I might have neglected to say that I’ve brought my father along on this trip. Not the full blown article I hasten to add which would be rather difficult as he’s been dead for over 10-years.
I have with me the very last of his cremated remains which for the last decade have sat in my safe at home contained in an old 35mm film canister with a simple white label that reads ‘Merlin – Taj Mahal’. For it was one of his last requests that some of his ashes be scattered at a particular spot in the garden surrounding the Taj Mahal in India where he had placed some of his own mother’s ashes. The rest of his ashes are in Cornwall: some in the beautiful garden that he created around a 600-year old house that we as a family restored; some on our favourite beach; and the major part? Well, when people ask “where’s your father?” it always gives me joy to reply “all over North Cornwall”. Having been an inveterate pyromaniac, blacksmith, rocket builder, cannon maker and general all round lover of things that exploded it only seemed fitting to do the same with him. I purchased the largest rocket possible and at the end of an evening which had been full of laughter and tears we went out into a field behind the house and sent him skyward. I recommend this method highly as it provides a very visual and emotive image as a finale to a man’s life. When that rocket lit up the night sky it not only put a very visual final full stop in the last chapter but the thought of him being up there, even if not quite with the stars but at least closer to them, all around, in the atmosphere, is strangely comforting. He would have approved too.

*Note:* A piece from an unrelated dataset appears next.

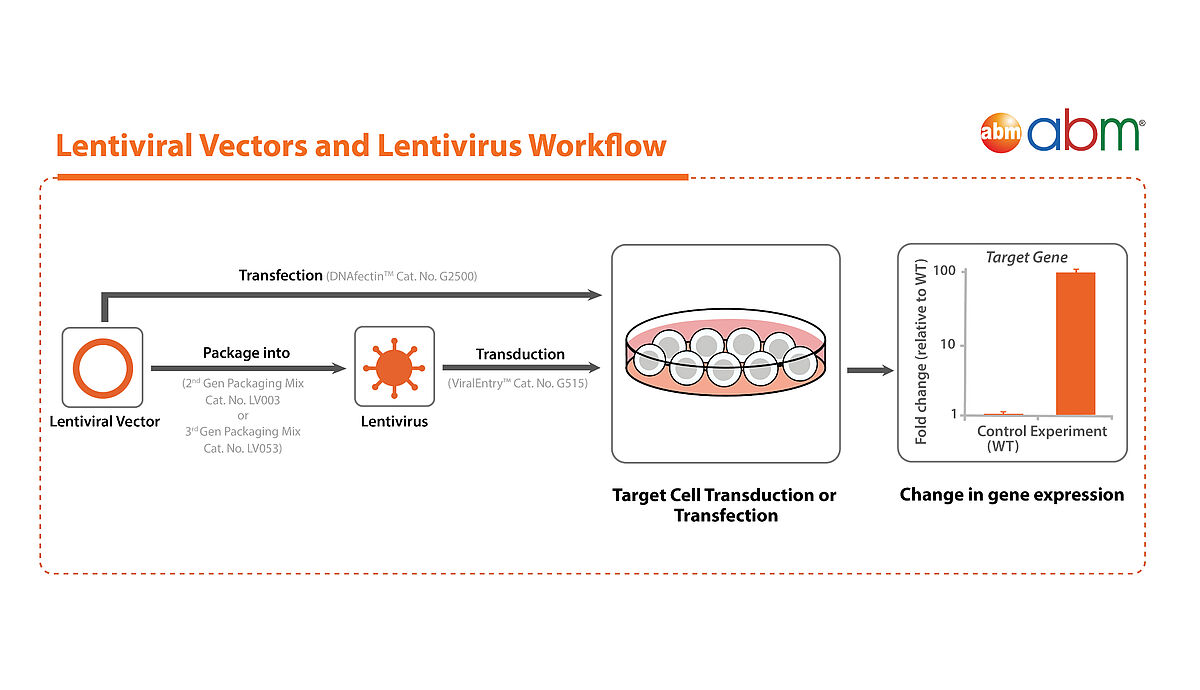 Lentivirus workflow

So yesterday down by the lake I thought of him and how he would love this place. Not just sitting by this lake but getting involved with the community on all sorts of levels. And boy could they use a polymath like him: he’d sort out the scary electrical system and look into ways of generating it for free; the plumbing would be re-configured as would rainwater harvesting and irrigation; animals would be better utilised; construction techniques updated; there would be wifi and home-built computers; a library and resources for study; horticulture would be taken to a whole new level (!) with cash crops for funding new projects; he’d probably try to plant a vineyard and even show them a thing or two about how to cook curries. And then as I wistfully considered what an impossible dream this was I thought that the next best thing would be to leave a little ‘Merlin spirit’ to work its magic. So before I go I plan to scatter a small amount from my little canister in a favourite place of mine here at Somnath. He would have approved of this too I am sure as I trust are my siblings. (see photo at top – taken the morning of the scattering).
Written in his will and oddly Buddhist in tone was the following: ‘In this world of constant change, nothing which comes stays, and nothing which goes is lost’.